L’esclusione decennale dai concorsi per l’assegnazione di sedi farmaceutiche imposta dall’articolo 12, comma 4, della legge 475/68 ai farmacisti che hanno ceduto la propria farmacia si applica anche a coloro che abbiano ceduto le proprie quote di partecipazione a una società di persone o a una società di gestione, «modificando di conseguenza la titolarità di una sede farmaceutica assegnata tramite un precedente concorso». È il principio affermato nella sentenza (pubblicata il 19 giugno) con cui il Consiglio di Stato ha bocciato il ricorso di alcuni candidati al concorso straordinario campano, che a marzo il Tar di Napoli aveva escluso dalla graduatoria regionale.
Il contenzioso scaturiva dalla nota regionale del dicembre 2021, con cui si avvertiva che «saranno escluse le candidature, sia singole sia associate, in cui anche solo uno dei candidati abbia trasferito la titolarità della propria sede farmaceutica nei dieci anni precedenti alla presentazione della domanda di partecipazione al concorso o abbia trasferito la titolarità della propria sede farmaceutica nell’arco temporale intercorrente tra la domanda di partecipazione e oggi».

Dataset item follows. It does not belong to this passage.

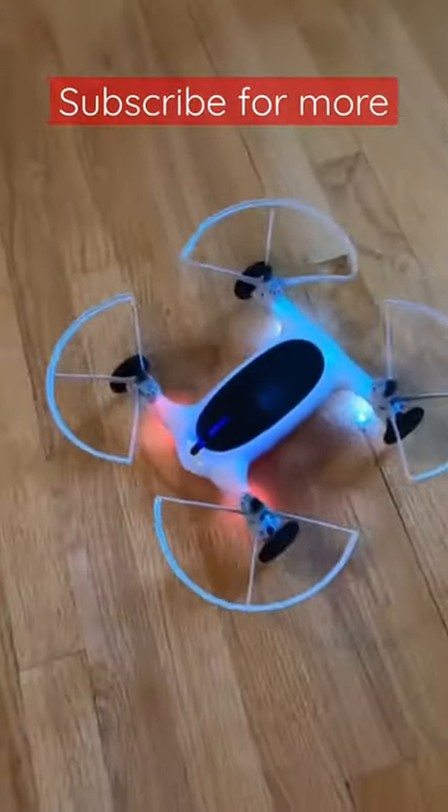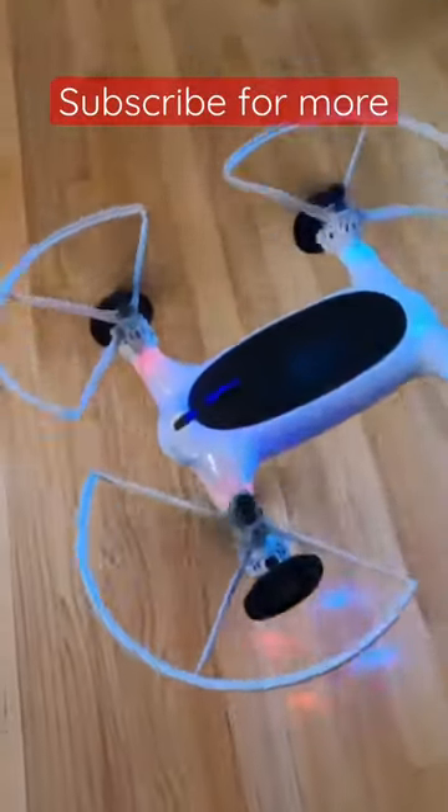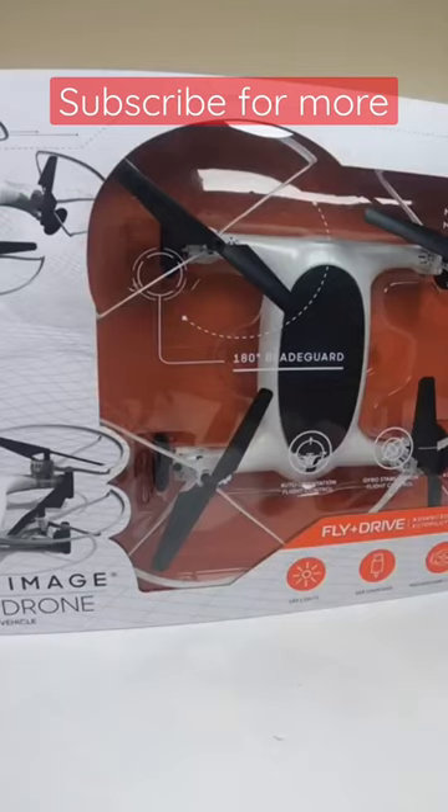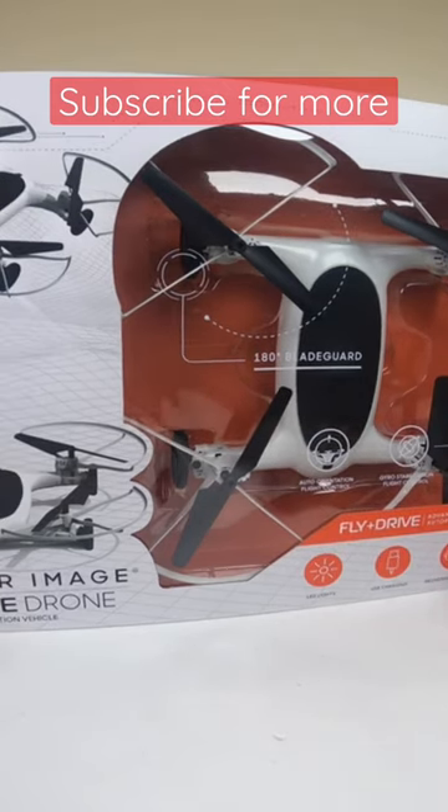Image Fly and Drive Drone — here it is right here in action. I love this little thing. It's a great beginner drone for kids, fantastic. It won't hurt anybody and it works great. Hey gang, thanks for tuning into the channel. Today we're looking at a Shopper Image Fly and Drive Drone, so let's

Sulla base di tale indicazione, alcuni candidati avevano impugnato la graduatoria davanti al Tar perché nell’elenco «erano presenti concorrenti che, nei dieci anni precedenti, avevano ceduto quote di società di persone ovvero avevano partecipato al concorso straordinario in altre Regioni e, ottenuta l’assegnazione di una sede farmaceutica, avevano costituito una società di gestione per poi cedere la propria quota di partecipazione».
Nella sua sentenza il Tar campano aveva esteso a tali fattispecie l’esclusione decennale di cui all’articolo 12 della 475/68 e il Consiglio di Stato ha confermato tale orientamento. L’obiettivo che si prefigge la norma, ricordano i giudici amministrativi d’appello «è quello di conciliare, bilanciandoli, l’interesse privato del titolare dell’esercizio farmaceutico a conseguire un adeguato ritorno economico dalla posizione conseguita con quello pubblico a preservare la connotazione del servizio farmaceutico, evitando la prevalenza di intenti meramente speculativi e commerciali». La legge 124/2017 ha aperto al capitale la titolarità delle farmacie ha modificato il quadro normativo ma ha lasciato inalterate le disposizioni sulle incompatibilità, ragion per cui «la preclusione decennale deve trovare un adattamento interpretativo alle nuove forme di titolarità del presidio, salvaguardando finalità e ratio della previsione ostativa».
Tale adattamento, continuano i giudici, non può che ispirarsi alla sentenza 7 gennaio 2020 dell’Adunanza plenaria del Consiglio di Stato, dove si stabiliva che «la Regione, all’esito del concorso straordinario, deve assegnare anche formalmente la titolarità della sede vinta solo a quegli stessi farmacisti persone fisiche, che hanno a tale titolo partecipato al concorso, salvo, ovviamente, il diritto/dovere in capo a questi di gestire poi l’attività imprenditoriale nelle forme consentite dall’ordinamento».
Correttamente dunque, scrive il Consiglio di Stato, «il Tar ha stabilito che debbano essere esclusi dalla graduatoria (anche) i titolari di quote di una società di persone che deteneva una farmacia e delle quali successivamente si sono disfatti attraverso la cessione a terzi». Diversamente, «si finirebbe per consentire l’aggiramento del divieto di cui all’articolo 12», la cui funzione «è notoriamente quella di evitare che la “disponibilità” degli esercizi farmaceutici dipenda in buona parte dai farmacisti stessi e venga quindi sottratta alla dinamica concorsuale, consentendo loro di decidere di cedere la farmacia e liberamente concorrere per una nuova assegnazione in dispregio del fatto che fornire medicinali è un servizio pubblico che, ovviamente, prevale sul diritto del singolo a lucrare sull’attività farmaceutica stessa».